EXERCISE REQUIREMENTS: What you should give back is a precise copy of the lines below from the one containing "Minister Wiersma en" through the one containing "Image 7 of 29", with no pictures.

RECORDED DATA:
= = =

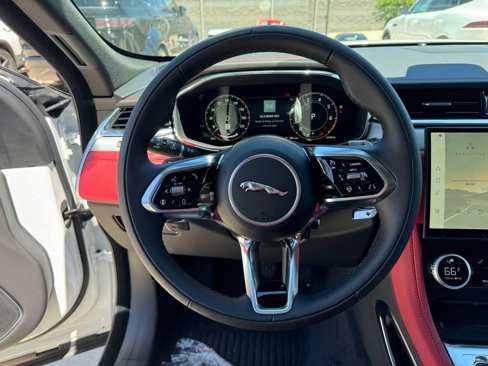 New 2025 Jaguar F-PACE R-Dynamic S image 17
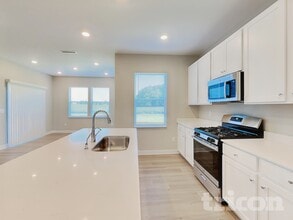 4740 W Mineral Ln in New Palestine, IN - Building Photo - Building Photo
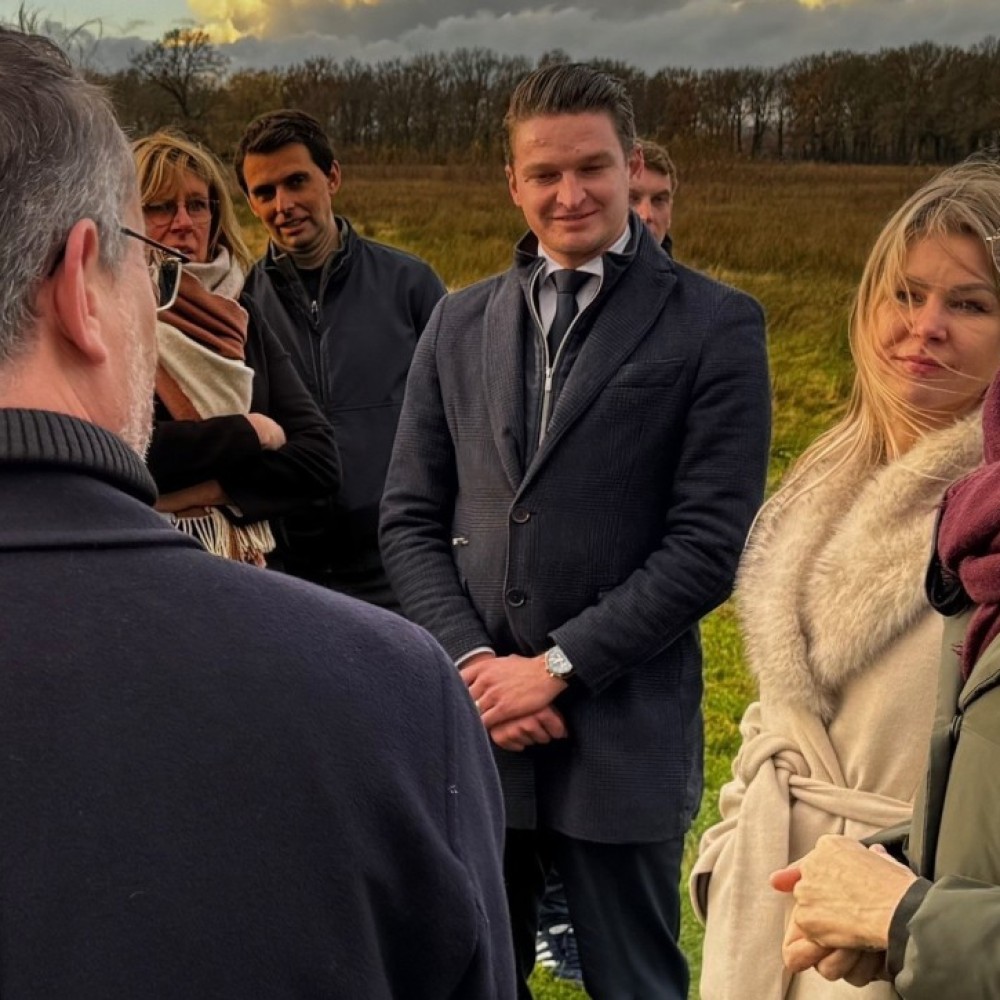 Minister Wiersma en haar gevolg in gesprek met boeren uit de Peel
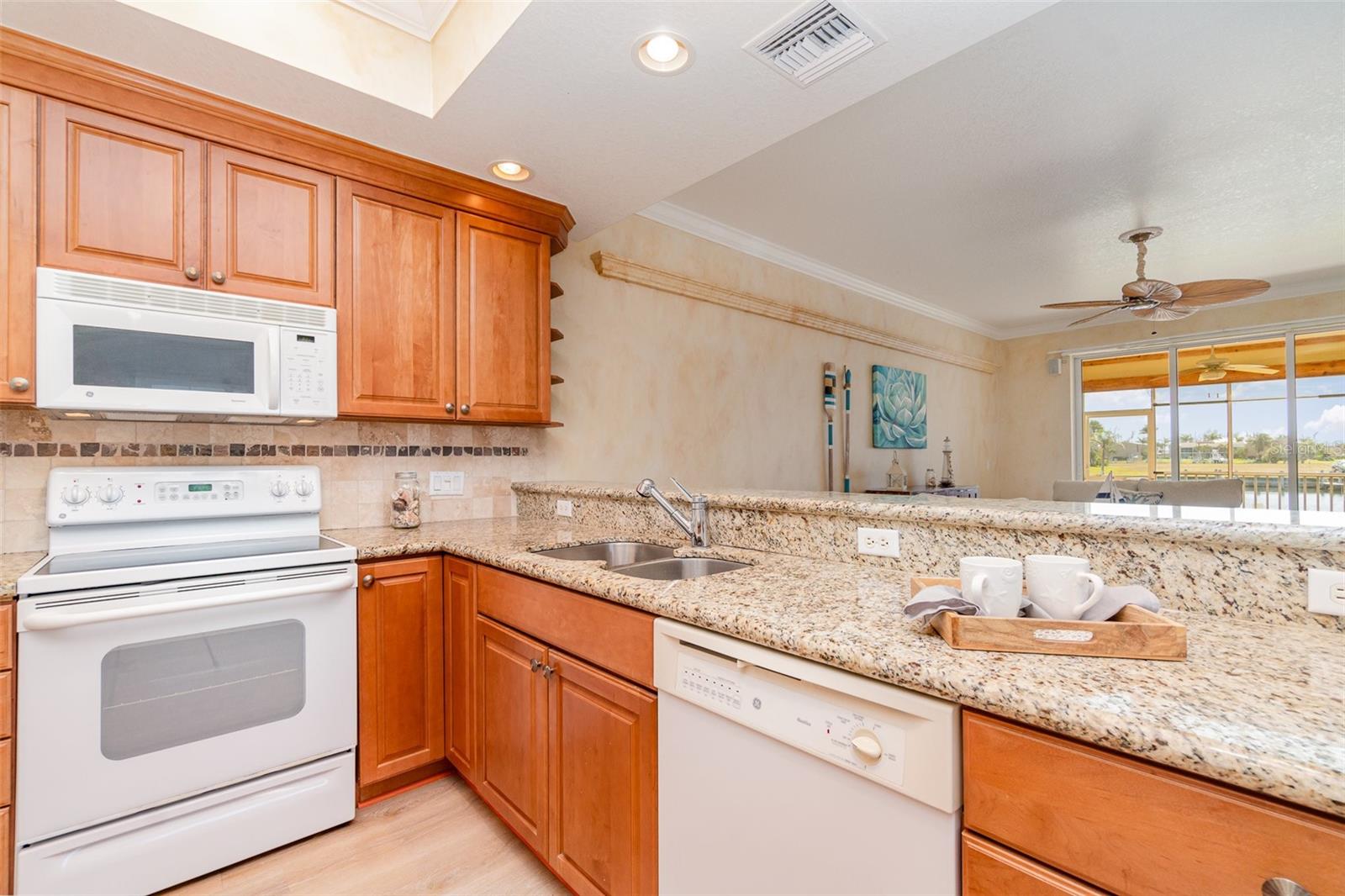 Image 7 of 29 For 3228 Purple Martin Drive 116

= = =

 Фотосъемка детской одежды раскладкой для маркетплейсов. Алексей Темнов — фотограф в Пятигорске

= = =

REPLY TO THE EXERCISE:
 Minister Wiersma en haar gevolg in gesprek met boeren uit de Peel
 Image 7 of 29 For 3228 Purple Martin Drive 116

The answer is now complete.